EXERCISE GOAL: Everything from the line containing "BMW X7 (G07) id 3017255 из Кореи 16" through the line containing "1-к кв. Краснодарский" in the listing below should be copied exactly, and nothing more.

RECORDS FOR PROCESSING:
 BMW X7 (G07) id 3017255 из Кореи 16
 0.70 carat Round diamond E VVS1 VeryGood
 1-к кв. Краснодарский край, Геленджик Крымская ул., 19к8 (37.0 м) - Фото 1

* * *

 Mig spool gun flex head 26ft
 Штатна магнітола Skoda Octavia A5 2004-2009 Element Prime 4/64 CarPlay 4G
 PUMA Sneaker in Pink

* * *

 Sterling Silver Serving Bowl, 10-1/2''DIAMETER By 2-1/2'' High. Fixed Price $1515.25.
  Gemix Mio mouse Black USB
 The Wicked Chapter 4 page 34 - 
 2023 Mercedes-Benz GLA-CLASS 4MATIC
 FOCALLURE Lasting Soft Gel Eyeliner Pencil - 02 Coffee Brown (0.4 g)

SOLUTION FOR THIS TASK:
 BMW X7 (G07) id 3017255 из Кореи 16
 0.70 carat Round diamond E VVS1 VeryGood
 1-к кв. Краснодарский край, Геленджик Крымская ул., 19к8 (37.0 м) - Фото 1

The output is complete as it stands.